October 18, 2016

The US Holocaust Memorial & Museum: A Bleak Reminder of the Atrocity

Six million Jews were persecuted and murdered by the Nazis
during the Holocaust. The United States Holocaust Memorial and Museum
in Washington DC, as its name implies, is not just a museum filled
with artifacts, but a living memorial to the Holocaust.

Our memorable tour this summer left us with heavy hearts.
Still, I was very grateful for this educational, eye-opening experience.
Through the years, I've learned about the Holocaust in school, 
from books I've read, and from movies I've seen, but never
in such an all-encompassing, moving way as was presented here.

The Hall of Witness is an impressive 3-story atrium at the core of the building.
We happened to be in luck; a docent was at hand and happy to describe 
the symbolism of the brick and steel architectural features.

The Museum is sectioned into three floors of exhibits:
Nazi Assault 1933-1939
The rise of the Nazi party.
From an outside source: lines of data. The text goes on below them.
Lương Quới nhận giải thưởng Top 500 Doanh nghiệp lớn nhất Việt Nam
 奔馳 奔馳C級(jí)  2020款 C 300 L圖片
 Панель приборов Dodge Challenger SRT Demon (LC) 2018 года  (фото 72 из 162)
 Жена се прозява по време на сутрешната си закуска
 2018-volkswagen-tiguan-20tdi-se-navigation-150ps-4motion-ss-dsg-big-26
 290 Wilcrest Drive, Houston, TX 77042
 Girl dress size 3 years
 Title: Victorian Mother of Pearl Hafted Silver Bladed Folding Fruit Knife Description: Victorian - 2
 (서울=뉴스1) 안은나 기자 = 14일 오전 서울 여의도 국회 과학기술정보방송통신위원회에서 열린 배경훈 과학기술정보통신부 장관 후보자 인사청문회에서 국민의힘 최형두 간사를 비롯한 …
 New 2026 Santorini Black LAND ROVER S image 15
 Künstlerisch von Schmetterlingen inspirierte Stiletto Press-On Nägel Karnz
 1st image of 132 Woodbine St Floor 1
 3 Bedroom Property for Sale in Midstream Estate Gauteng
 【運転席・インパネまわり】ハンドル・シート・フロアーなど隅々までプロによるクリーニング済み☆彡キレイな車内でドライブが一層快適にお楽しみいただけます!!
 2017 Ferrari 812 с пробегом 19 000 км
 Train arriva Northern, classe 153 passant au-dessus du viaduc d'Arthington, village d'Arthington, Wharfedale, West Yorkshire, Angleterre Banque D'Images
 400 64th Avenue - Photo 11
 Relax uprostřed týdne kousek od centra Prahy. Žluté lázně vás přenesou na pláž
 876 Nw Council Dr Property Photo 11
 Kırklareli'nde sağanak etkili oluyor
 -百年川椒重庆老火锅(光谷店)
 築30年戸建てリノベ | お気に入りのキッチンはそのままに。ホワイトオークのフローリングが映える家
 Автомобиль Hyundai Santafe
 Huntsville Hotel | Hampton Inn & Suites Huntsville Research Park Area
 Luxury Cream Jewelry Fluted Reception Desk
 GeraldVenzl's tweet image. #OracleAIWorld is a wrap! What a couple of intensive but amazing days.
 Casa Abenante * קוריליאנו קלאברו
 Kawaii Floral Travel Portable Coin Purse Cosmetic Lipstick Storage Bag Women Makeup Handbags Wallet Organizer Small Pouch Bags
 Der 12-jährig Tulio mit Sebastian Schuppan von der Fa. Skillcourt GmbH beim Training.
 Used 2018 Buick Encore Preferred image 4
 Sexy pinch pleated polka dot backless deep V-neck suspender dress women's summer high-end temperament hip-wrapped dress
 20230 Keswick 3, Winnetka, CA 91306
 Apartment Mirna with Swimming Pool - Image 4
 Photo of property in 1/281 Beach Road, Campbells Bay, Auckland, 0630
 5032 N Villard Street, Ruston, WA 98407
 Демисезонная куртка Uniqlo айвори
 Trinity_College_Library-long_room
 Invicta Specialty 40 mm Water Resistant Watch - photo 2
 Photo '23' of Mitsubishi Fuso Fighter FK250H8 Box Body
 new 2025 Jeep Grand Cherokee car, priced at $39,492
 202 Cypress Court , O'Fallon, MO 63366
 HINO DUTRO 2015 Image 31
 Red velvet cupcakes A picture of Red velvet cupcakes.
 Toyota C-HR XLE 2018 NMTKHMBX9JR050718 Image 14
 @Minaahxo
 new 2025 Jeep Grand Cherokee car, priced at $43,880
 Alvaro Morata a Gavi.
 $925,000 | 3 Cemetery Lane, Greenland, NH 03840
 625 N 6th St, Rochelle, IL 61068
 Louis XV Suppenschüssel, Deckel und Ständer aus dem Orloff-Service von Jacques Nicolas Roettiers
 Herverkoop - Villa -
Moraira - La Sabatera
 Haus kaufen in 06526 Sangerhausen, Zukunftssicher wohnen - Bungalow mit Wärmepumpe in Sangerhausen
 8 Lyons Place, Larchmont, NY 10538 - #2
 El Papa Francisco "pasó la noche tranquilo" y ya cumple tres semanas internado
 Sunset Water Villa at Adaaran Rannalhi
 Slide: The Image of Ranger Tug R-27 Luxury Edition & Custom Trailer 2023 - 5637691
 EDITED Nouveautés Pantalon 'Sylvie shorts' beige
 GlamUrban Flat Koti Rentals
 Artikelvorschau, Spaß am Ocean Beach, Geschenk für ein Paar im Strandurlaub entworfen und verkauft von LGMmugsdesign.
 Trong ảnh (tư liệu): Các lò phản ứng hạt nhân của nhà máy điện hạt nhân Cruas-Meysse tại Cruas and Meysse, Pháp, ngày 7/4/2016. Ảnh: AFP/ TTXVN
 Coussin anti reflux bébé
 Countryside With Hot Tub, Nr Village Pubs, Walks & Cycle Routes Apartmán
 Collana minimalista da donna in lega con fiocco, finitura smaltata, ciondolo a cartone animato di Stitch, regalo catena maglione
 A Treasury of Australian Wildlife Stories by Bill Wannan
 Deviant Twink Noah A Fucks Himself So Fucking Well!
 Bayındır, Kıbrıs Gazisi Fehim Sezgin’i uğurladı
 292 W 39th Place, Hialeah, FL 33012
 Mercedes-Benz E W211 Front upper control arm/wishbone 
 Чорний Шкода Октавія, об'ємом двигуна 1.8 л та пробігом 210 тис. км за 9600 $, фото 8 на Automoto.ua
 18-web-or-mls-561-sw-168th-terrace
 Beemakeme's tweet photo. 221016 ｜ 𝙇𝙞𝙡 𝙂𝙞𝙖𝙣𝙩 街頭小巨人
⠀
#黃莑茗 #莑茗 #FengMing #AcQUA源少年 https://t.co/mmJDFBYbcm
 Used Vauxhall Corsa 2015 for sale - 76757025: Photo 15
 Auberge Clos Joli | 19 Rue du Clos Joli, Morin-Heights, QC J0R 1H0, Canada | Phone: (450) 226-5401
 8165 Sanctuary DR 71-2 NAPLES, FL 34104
Outbreak of World War II.
The "Final Solution" 1940-1945
Ghettos, deportation, concentration camps.
Last Chapter
Liberation, rescue, aftermath. 

Signs like this one, proclaiming "Jews Forbidden,"
were displayed in business establishments.

These are uncut Star of David badges that Jews were required 
to wear to distinguish them from non-Jews.

Railway cars remind us of this horrifying period of history 
when Jews were deported to concentration camps.

A quote by Elie Weisel, winner of the Nobel Peace Prize.
Have you read his book, Night?
It's an amazing book that I'd recommend to all.

The sight of 4,000 shoes, once belonging to prisoners of a concentration camp
in Poland, is a stark testimony to the horror of the Holocaust. 
Representing the relatable Everyman, the shoes are grim reminders of the 
men, women and children who lost their lives at Nazi death camps.

A bridge far above the Hall of Witness has glass walls etched with the names of 
5,000 European towns and villages that were completely destroyed by the Nazis.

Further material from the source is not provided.